Oleh : Ardi Nugroho S Farm, M Sc *)

DUNIA saat ini sedang bersiap menuju Era Society 5.0 . Zaman Society 5.0 didefinisikan sebagai sebuah konsep masyarakat yang berpusat pada manusia dan berbasis teknologi. Pada era ini, masyarakat diharapkan mampu menyelesaikan berbagai tantangan dan permasalahan sosial dengan memanfaatkan berbagai inovasi yang lahir di era revolusi industri 4.0. Inovasi ini lahir bertujuan untuk meningkatkan kualitas hidup manusia.

Dalam kehidupan Society 5.0, ruang maya (virtual space) dan ruang fisik (real space) sangat terintegrasi sehingga berpengaruh pada arus informasi dan teknik pengambilan keputusan. Jika pada era masyarakat 4.0, masyarakat mengakses layanan cloud (database) di dunia maya melalui internet untuk mencari, mengambil, dan menganalisis informasi dari data yang ada. Maka di era masyarakat 5.0, informasi dalam jumlah yang besar (big data) akan dikumpulkan dari sensor di ruang fisik dunia maya.

Scroll untuk membaca

Scroll untuk membaca

Big data ini kemudian dianalisis dengan kecerdasan buatan atau Artificial intelligence (AI) untuk selanjutnya hasil analisis dan pemrosesan data akan dilaporkan kepada manusia di ruang fisik dalam berbagai cara.

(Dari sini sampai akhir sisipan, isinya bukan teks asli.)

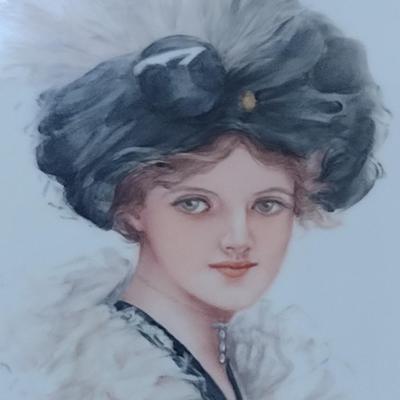 Framed Ceramic Tile- Hand Painted by Local Artist- Approx 13 1 /2" x 15 1/2"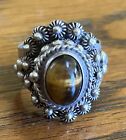 Locket/Pill Ring - size 7.25 Vintage Mexico Sterling Silver Tiger's Eye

Sederhananya, masyarakat 4.0 adalah tentang mengumpulkan dan menganalisis informasi tentang jaringan. Sedang masyarakat 5.0, orang dan sistem akan terhubung di dunia maya dan memanfaatkannya sebaik mungkin dengan bantuan AI dan hasilnya diumpankan kembali ke ruang fisik (real space).

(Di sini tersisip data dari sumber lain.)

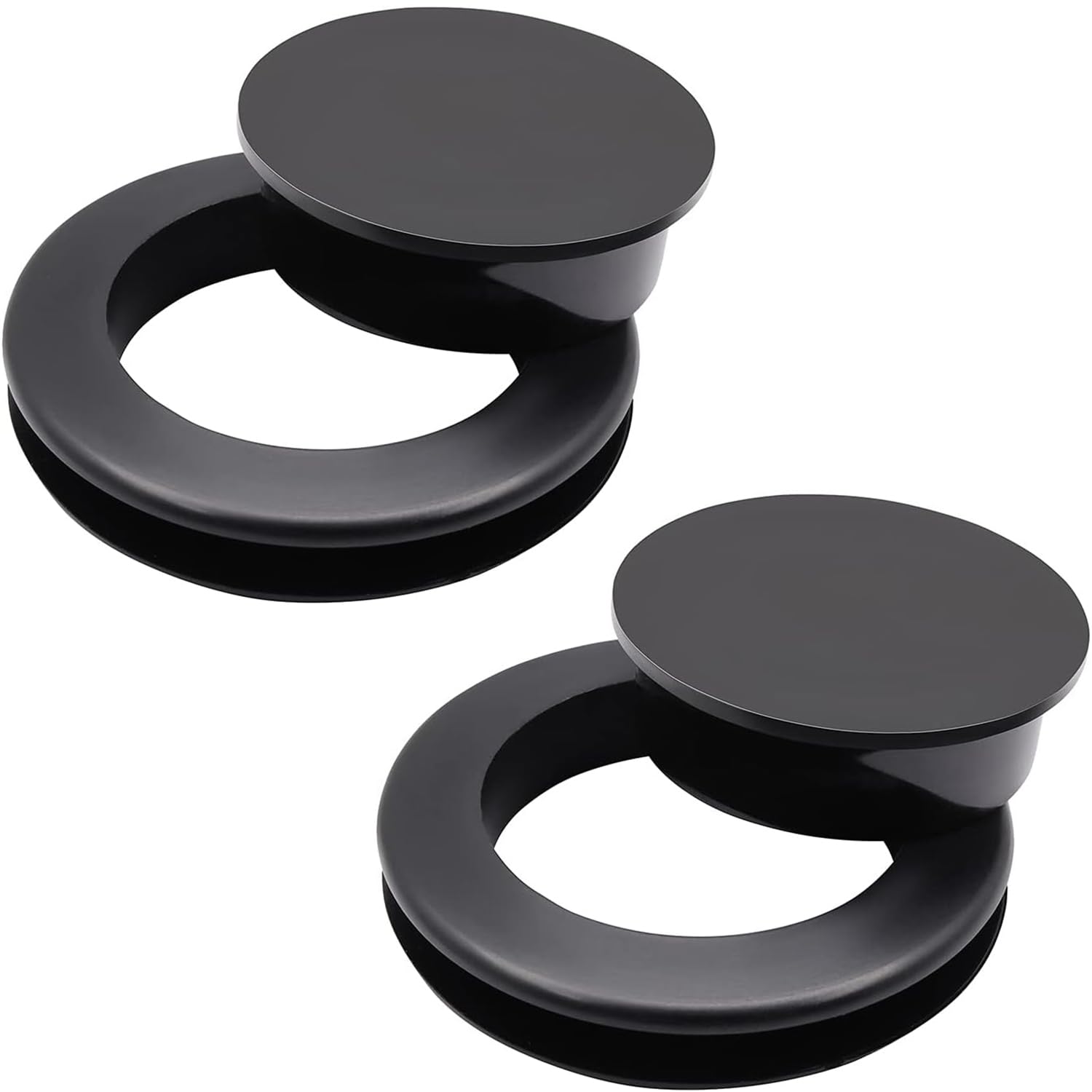 ZXUEZHENG 2 Pieces 2 Inch Silicone Umbrella Hole Ring Plug and Cap Set for Glass Outdoors Patio Table Deck Yard (Silicone,Black)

Hal ini tentu menjadi sebuah tantangan sekaligus peluang khususnya dalam pemanfaatan teknologi dan arus informasi. Perkembangan teknologi informasi yang sangat pesat akan diiringi dengan transformasi digital yang akan memiliki dampak besar pada industri tradisional dan meningkatkan kompleksitas masyarakat.

Hoax

Tentunya perkembangan ini juga memiliki aspek negatif terutama dari sudut masyarakat digital, seperti risiko keamanan, masalah privasi dan tersebarluasnya hoax atau berita bohong. Hoax adalah informasi yang dirancang untuk menyamarkan informasi yang sebenarnya atau yang dapat diartikan sebagai upaya untuk memutarbalikkan fakta dengan informasi yang persuasif tetapi tidak dapat diverifikasi.

Hoax juga bisa diartikan sebagai menyembunyikan informasi yang sebenarnya dengan membanjiri media dengan berita palsu untuk menutupi berita yang sebenarnya. Penyebaran hoax umumnya didorong oleh dua motif yaitu ekonomi dan politik.

Ada sebagian hoax yang sengaja dibuat dengan tujuan untuk membuat berita yang sensasional dan mendapatkan pengunjung sebanyak-banyaknya pada website tertentu maupun membeli produk tertentu yang dikenal sebagai gimmick marketing. Ada juga hoax yang muncul dari kelompok tertentu untuk mengkomunikasikan aspirasi politik mereka melalui media sosial dengan tujuan kampanye atau menghasut masyarakat secara luas.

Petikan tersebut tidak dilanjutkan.